■ **Exercise requirements**
With all images left out, restate the records below exactly as written.

■ **Materials provided**
________
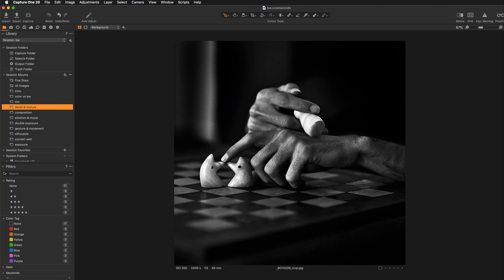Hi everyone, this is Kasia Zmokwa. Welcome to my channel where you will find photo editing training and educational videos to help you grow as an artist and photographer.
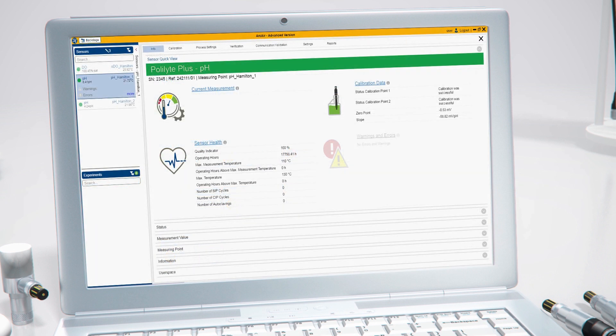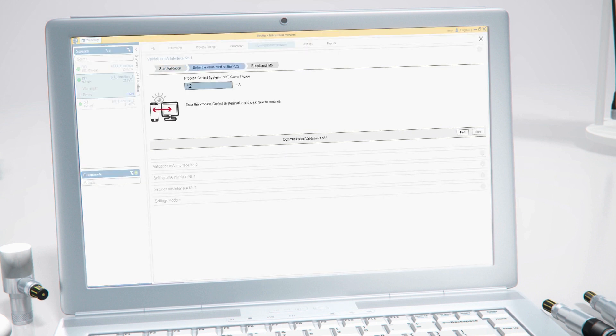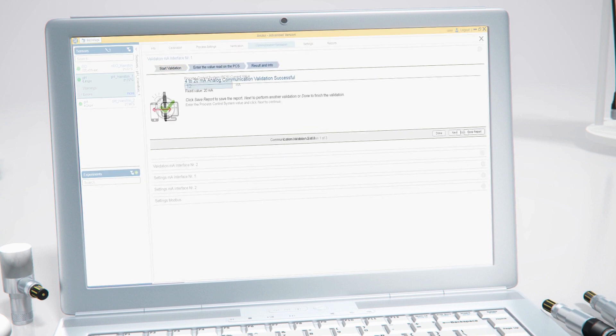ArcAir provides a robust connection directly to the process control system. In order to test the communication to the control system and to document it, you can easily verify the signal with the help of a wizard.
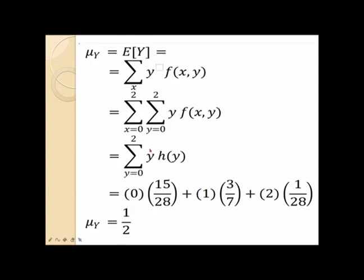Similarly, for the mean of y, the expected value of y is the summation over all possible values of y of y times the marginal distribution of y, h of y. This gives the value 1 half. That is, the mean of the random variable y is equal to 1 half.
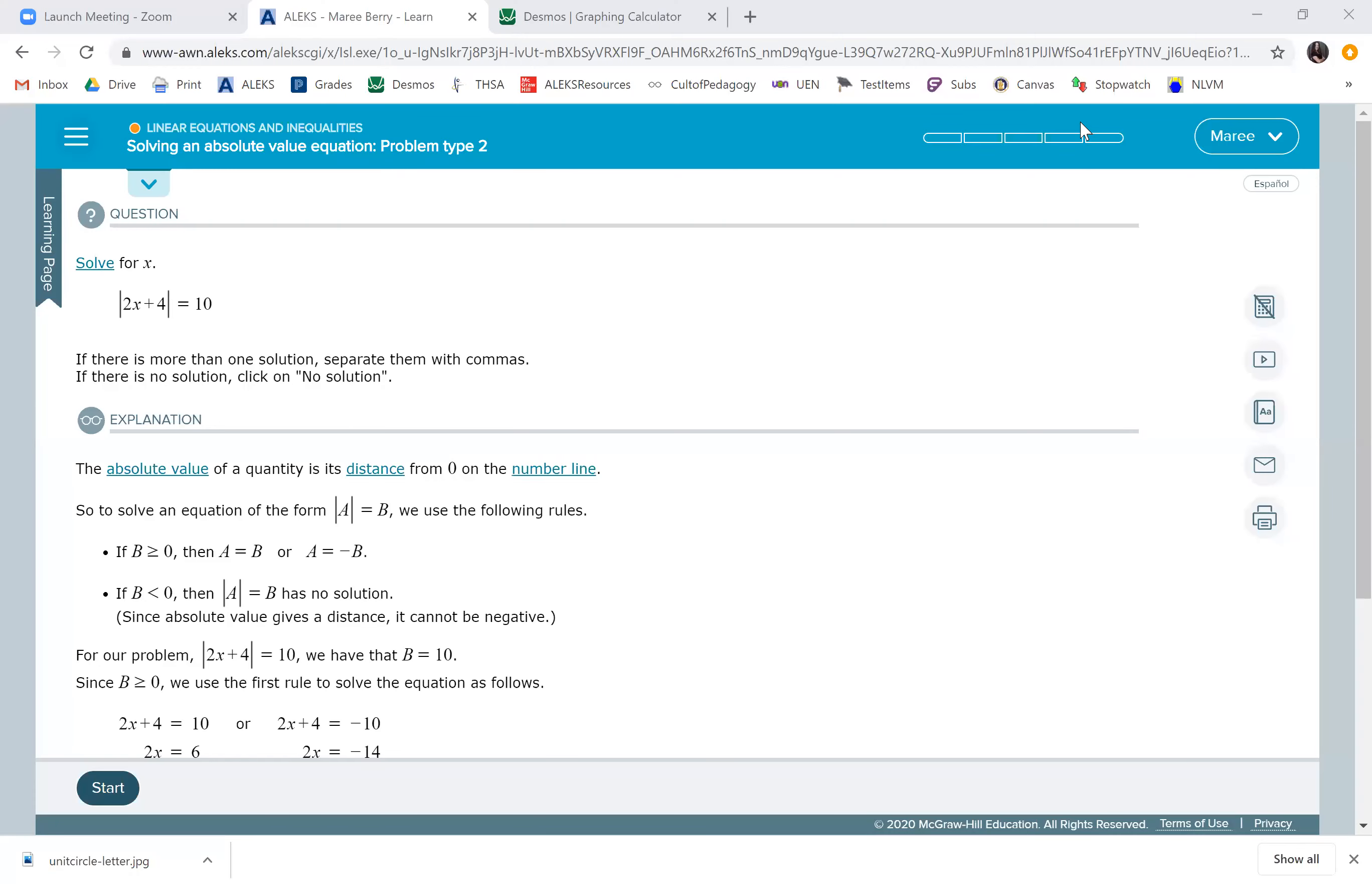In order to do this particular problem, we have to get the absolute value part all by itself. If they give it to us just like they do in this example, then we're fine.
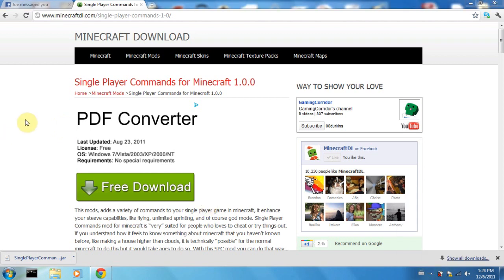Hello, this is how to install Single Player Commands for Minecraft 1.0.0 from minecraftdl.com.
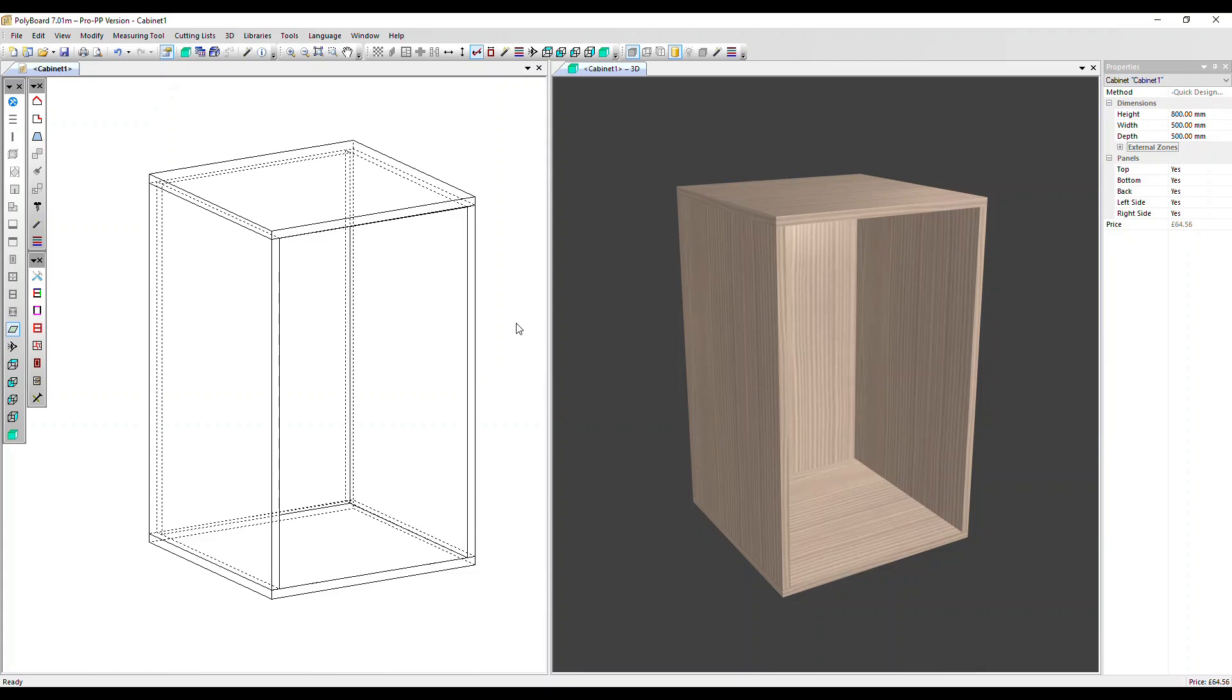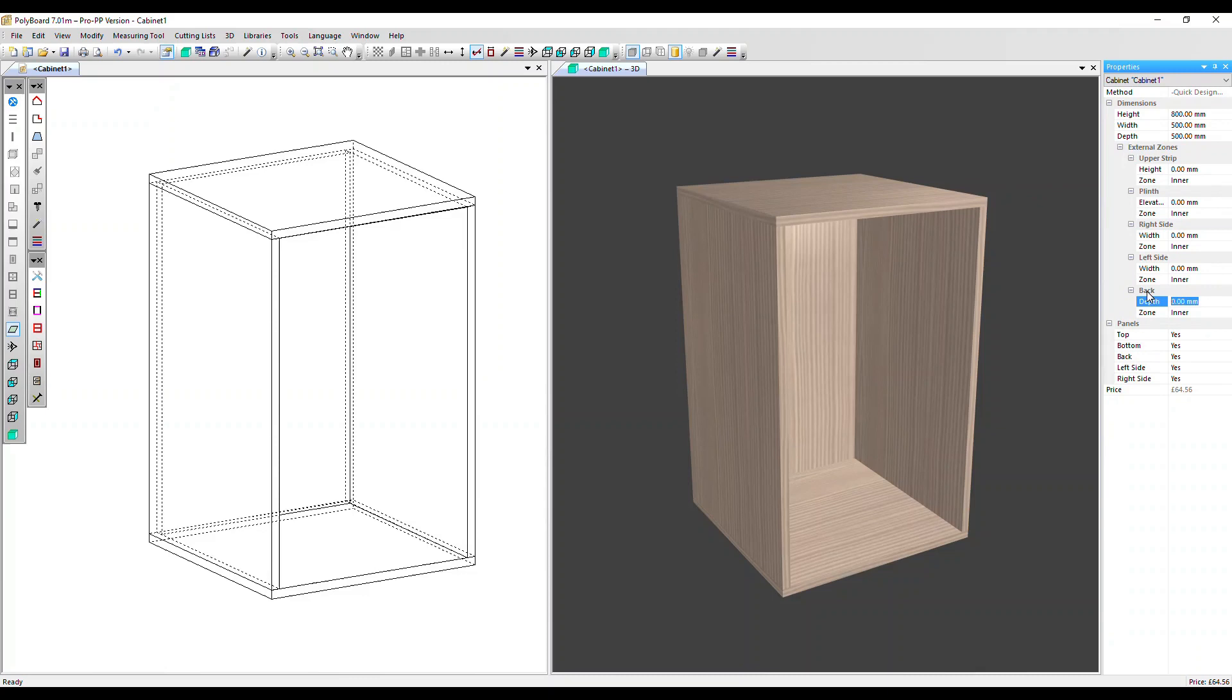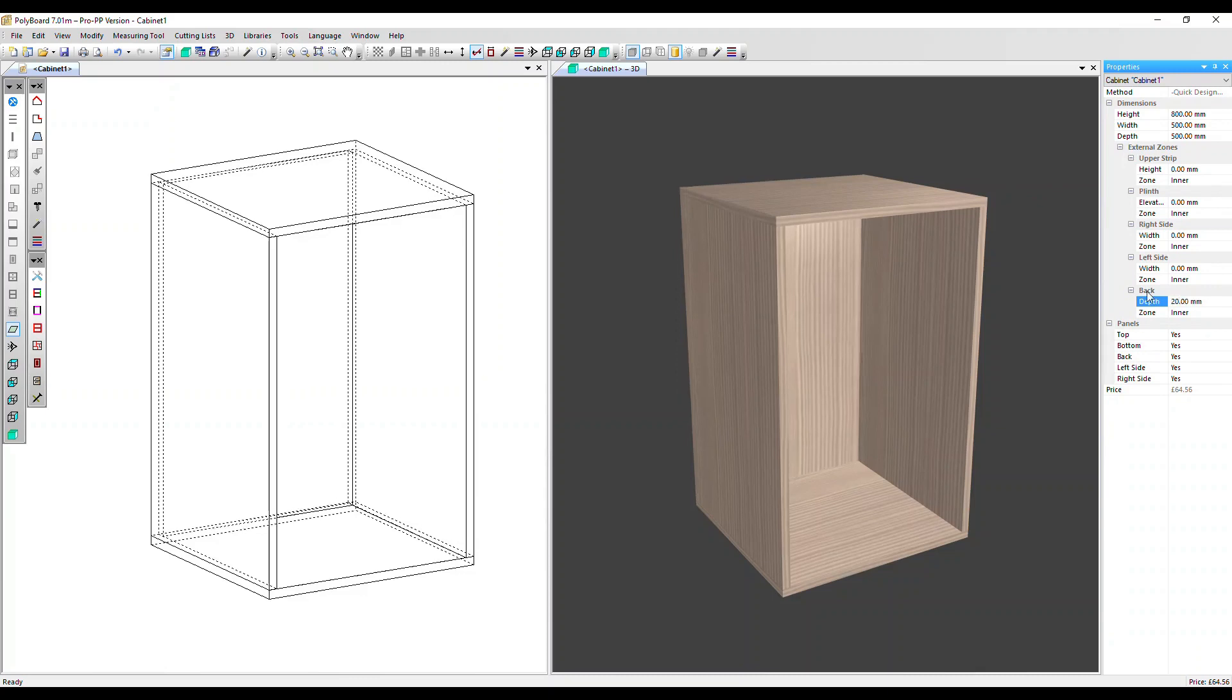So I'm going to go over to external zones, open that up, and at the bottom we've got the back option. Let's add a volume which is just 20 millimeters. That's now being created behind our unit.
________
■ **Exercise answer**
Hi everyone, this is Kasia Zmokwa. Welcome to my channel where you will find photo editing training and educational videos to help you grow as an artist and photographer.
ArcAir provides a robust connection directly to the process control system. In order to test the communication to the control system and to document it, you can easily verify the signal with the help of a wizard.
Similarly, for the mean of y, the expected value of y is the summation over all possible values of y of y times the marginal distribution of y, h of y. This gives the value 1 half. That is, the mean of the random variable y is equal to 1 half.
In order to do this particular problem, we have to get the absolute value part all by itself. If they give it to us just like they do in this example, then we're fine.
Hello, this is how to install Single Player Commands for Minecraft 1.0.0 from minecraftdl.com.
So I'm going to go over to external zones, open that up, and at the bottom we've got the back option. Let's add a volume which is just 20 millimeters. That's now being created behind our unit.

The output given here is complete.